11.292: [GC (Allocation Failure) 11.292: [ParNew: 306686K->34048K(306688K), 0.0857219 secs] 971599K->779148K(2063104K), 0.0857875 secs] [Times: user=0.26 sys=0.04, real=0.09 secs]
12.140: [GC (Allocation Failure) 12.140: [ParNew: 306688K->34046K(306688K), 0.0821774 secs] 1051788K->856120K(2063104K), 0.0822400 secs] [Times: user=0.25 sys=0.03, real=0.08 secs]
12.989: [GC (Allocation Failure) 12.989: [ParNew: 306686K->34048K(306688K), 0.1086667 secs] 1128760K->931412K(2063104K), 0.1087416 secs] [Times: user=0.24 sys=0.04, real=0.11 secs]
13.098: [GC (CMS Initial Mark) [1 CMS-initial-mark: 897364K(1756416K)] 936667K(2063104K), 0.0041705 secs] [Times: user=0.02 sys=0.00, real=0.00 secs]
13.102: [CMS-concurrent-mark-start]
13.341: [CMS-concurrent-mark: 0.238/0.238 secs] [Times: user=0.36 sys=0.01, real=0.24 secs]
13.341: [CMS-concurrent-preclean-start]
13.350: [CMS-concurrent-preclean: 0.009/0.009 secs] [Times: user=0.03 sys=0.00, real=0.01 secs]
13.350: [CMS-concurrent-abortable-preclean-start]
13.878: [GC (Allocation Failure) 13.878: [ParNew: 306688K->34047K(306688K), 0.0960456 secs] 1204052K->1010638K(2063104K), 0.0961542 secs] [Times: user=0.29 sys=0.04, real=0.09 secs]
14.366: [CMS-concurrent-abortable-preclean: 0.917/1.016 secs] [Times: user=2.22 sys=0.07, real=1.01 secs]
14.366: [GC (CMS Final Remark) [YG occupancy: 182593 K (306688 K)]14.366: [Rescan (parallel) , 0.0291598 secs]14.395: [weak refs processing, 0.0000232 secs]14.395: [class unloading, 0.0117661 secs]14.407: [scrub symbol table, 0.0015323 secs]14.409: [scrub string table, 0.0003221 secs][1 CMS-remark: 976591K(1756416K)] 1159184K(2063104K), 0.0462010 secs] [Times: user=0.14 sys=0.00, real=0.05 secs]
14.412: [CMS-concurrent-sweep-start]
14.633: [CMS-concurrent-sweep: 0.221/0.221 secs] [Times: user=0.37 sys=0.00, real=0.22 secs]

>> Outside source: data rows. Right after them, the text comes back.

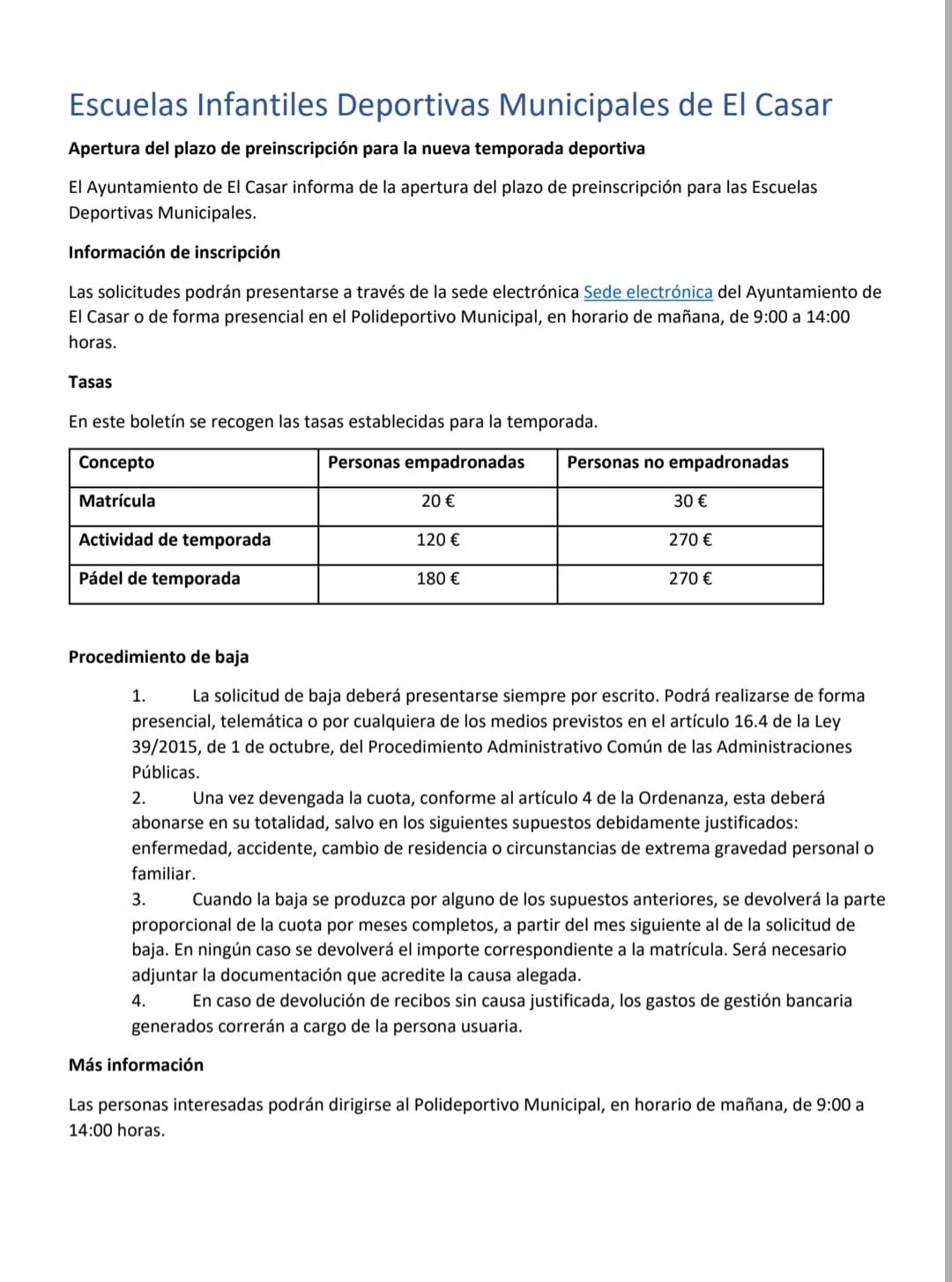 ABIERTO EL PLAZO DE PREINSCRIPCIÓN PARA LAS ESCUELAS INFANTILES DEPORTIVAS MUNICIPALES DE EL CASAR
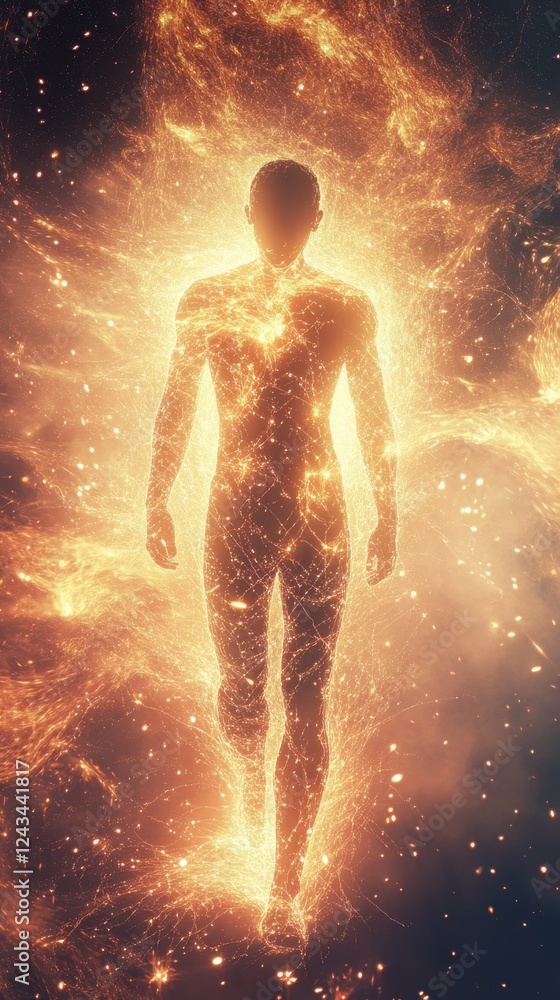 Aufkleber man glowing with cosmic energy showcases connection to the universe in a mystical setting at twiligh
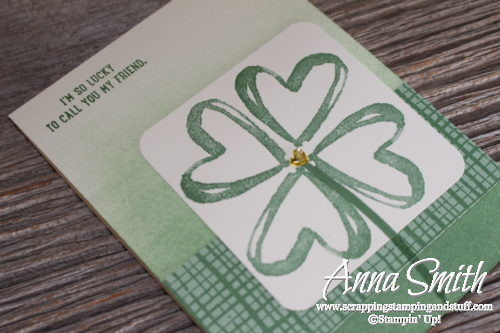 St. Patrick's Day card idea using Stampin' Up! Watercolor Words and Sprinkles of Life stamp sets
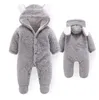 Rompers Footed born Baby Fall Winter Warm Coral Fleece Costume Infant Bebe Kids Sleepwear Overall jumpsuits 231013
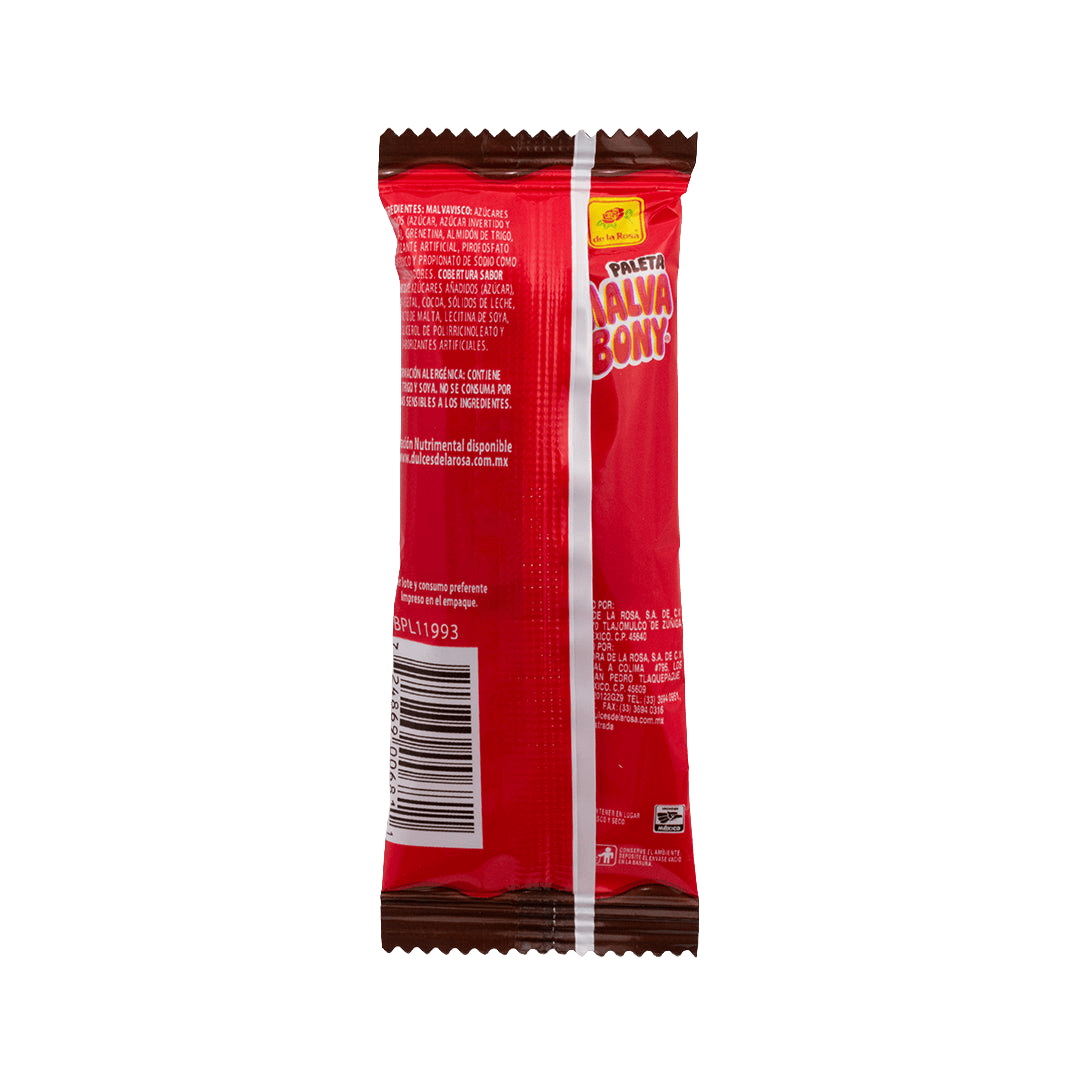 Paleta Malvabony Cubierto con Chocolate 40 piezas 12 grs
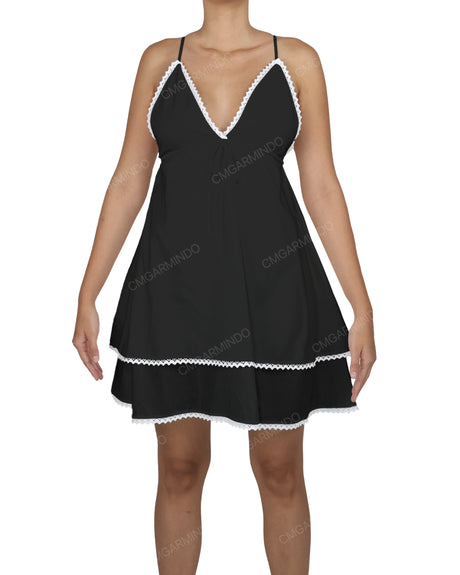 V-Neck Tiered Mini Sleep Dress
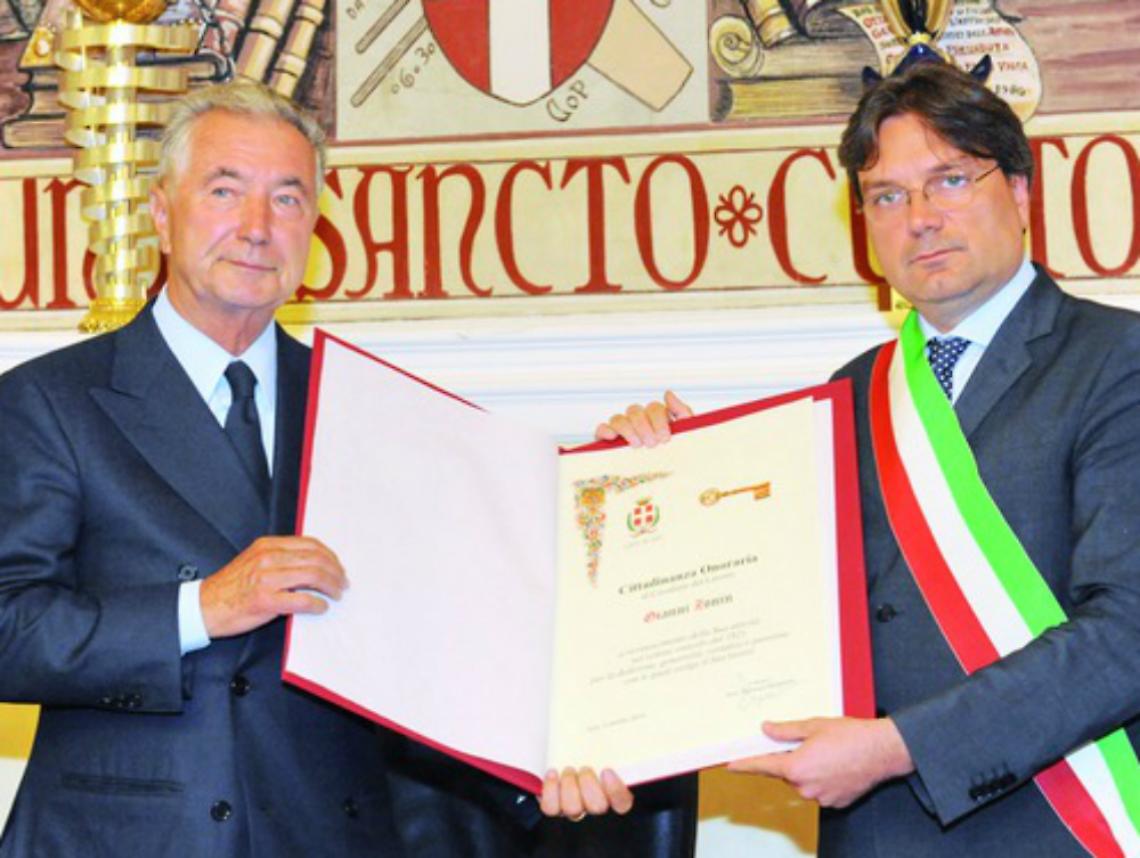 Gianni Zonin &egrave; astigiano onorario<br/>&laquo;Cina, prossima frontiera del Moscato&raquo;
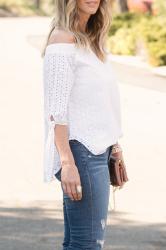 must have item for spring: white eyelet off-shoulder top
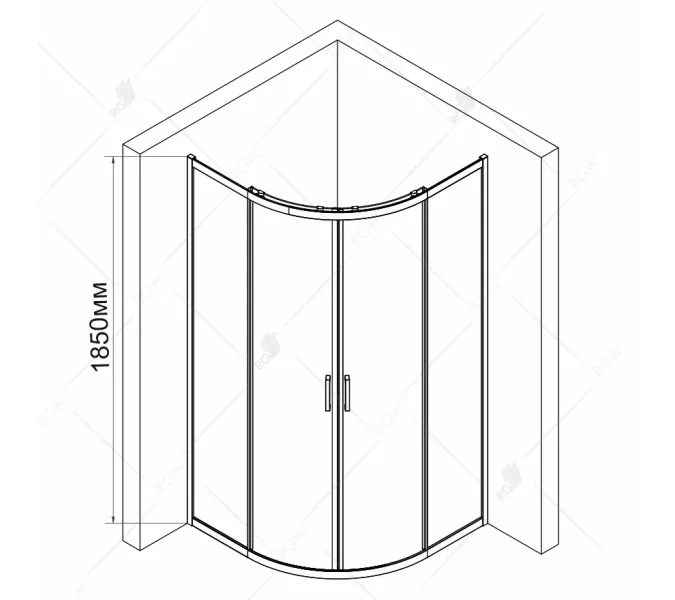 Душевой уголок RGW CL-53 прозрачное/хром, Цвет стекла: прозрачное, Цвет профиля: Хром, Выбрать размер: 900x900, изображение 3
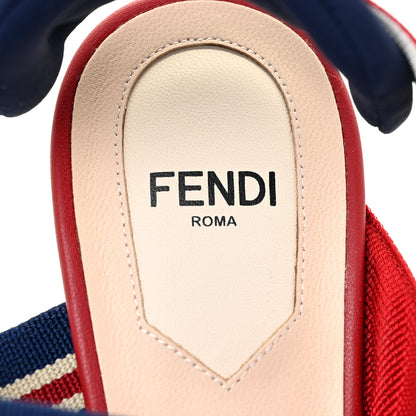 Fendi Technical Mesh FF Colibri 55mm Slingback Pumps 37 Tobacco Moro Zaffiro Ciliegia Rosso 11 of 13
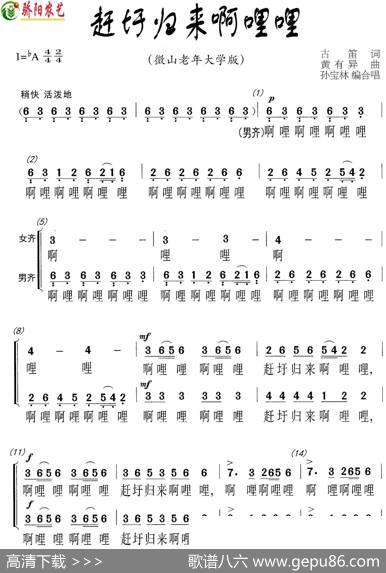 赶圩归来啊哩哩（二声部合唱） - 古笛|黄友异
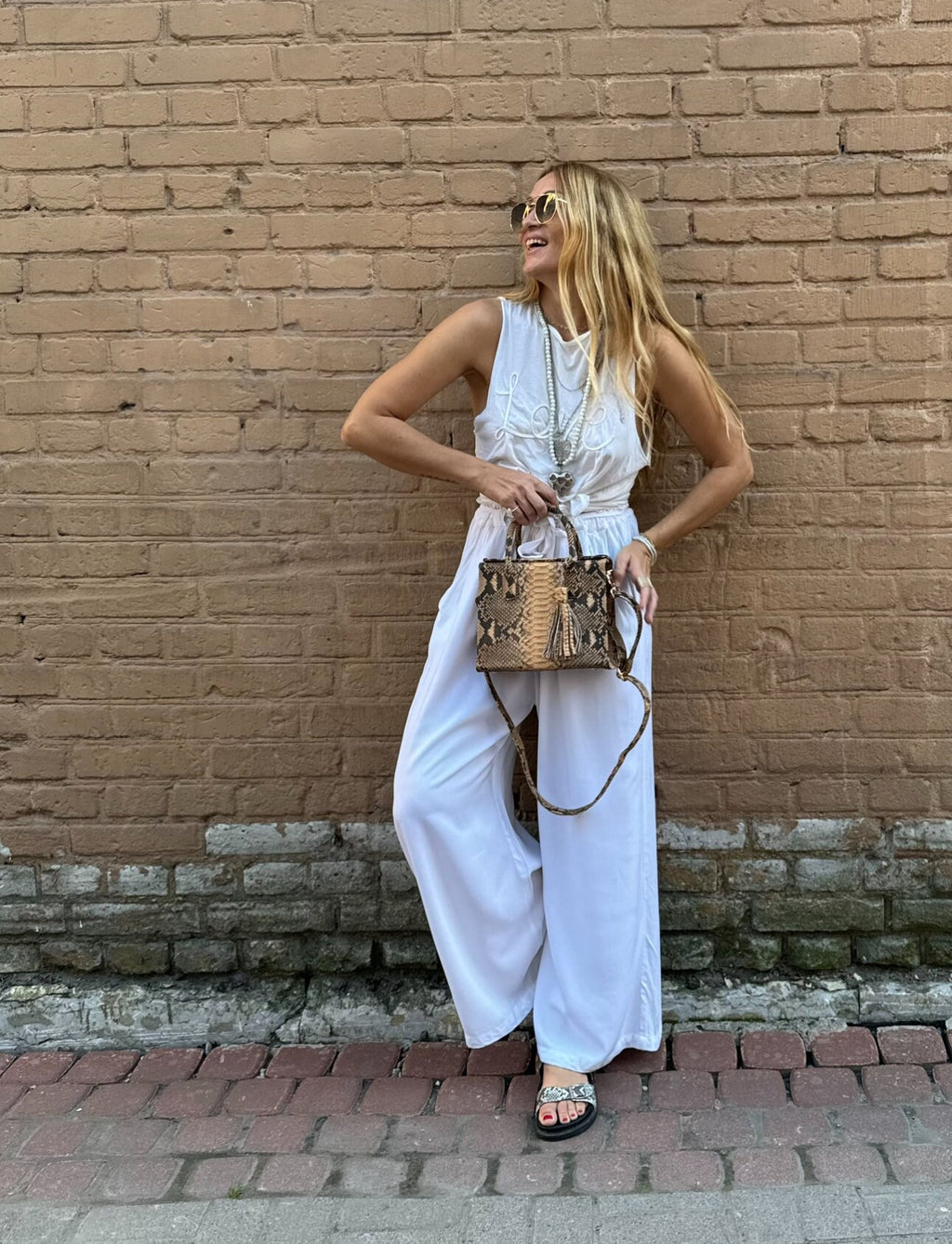 Genuine Python Skin Top Handle Bag MORA — Beige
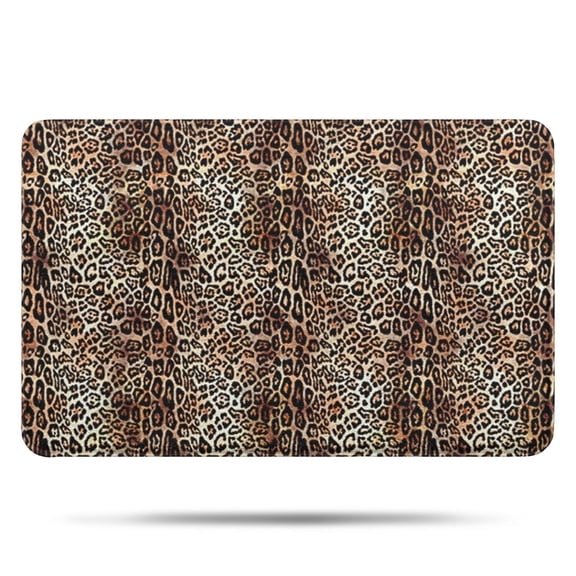 Brown and Black Leopard Print Bathroom Rugs Mat,Non Slip Microfiber Bathroom Rug,Rubber Backing,Soft Bathroom Mats for Bathroom Floor,Tub and Shower,17x27in(43x68cm)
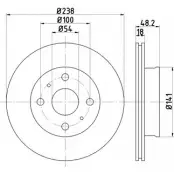 Тормозной диск HELLA PAGID 5361 9 TGTM64 8DD 355 102-611 3722380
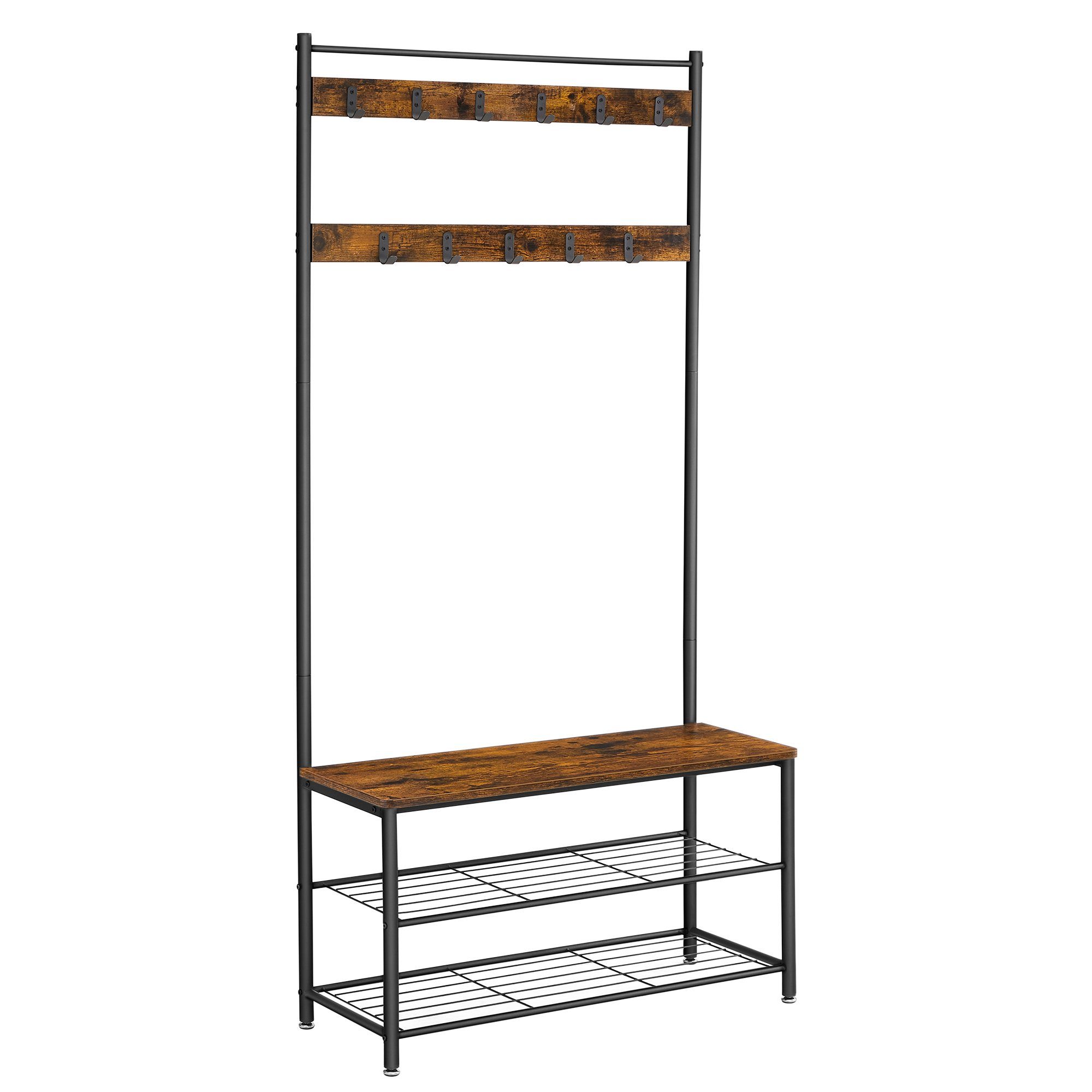 VASAGLE Вешалки Garderobe, Вешалки для одежды, mit Schuhbank, 3-in-1 Design, Stahl, 32 x 85 x 175 cm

14.633: [CMS-concurrent-reset-start]
14.636: [CMS-concurrent-reset: 0.002/0.002 secs] [Times: user=0.00 sys=0.00, real=0.00 secs]
Based on this information we can see that after 12 Minor GC runs ‘something different’ indeed started happening. But instead of two Full GC runs, this ‘different thing’ was in reality just a single GC running in Old generation and consisting of different phases:
- Initial Mark phase, spanning for 0.0041705 seconds or approximately 4ms. This phase is a stop-the-world event stopping all application threads for initial marking.
- Markup and Preclean phases. were executed concurrently with the application threads.
- Final Remark phase, spanning for 0.0462010 seconds or approximately 46ms. This phase is again stop-the-world event.
- Sweep operation was executed concurrently, without stopping the application threads.
So what we see from the actual garbage collection logs is that, instead of two Full GC operations, just one Major GC cleaning Old space was actually executed.
If you were after latency then the data revealed by jstat would have led you towards correct decisions. It correctly listed the two stop-the-world events totaling 50ms affecting the latency for all the active threads at that very moment. But if you were trying to optimize for throughput, you would have been misguided – listing just the stop-the-world initial mark and final remark phases, the jstat output completely hides the concurrent work being done.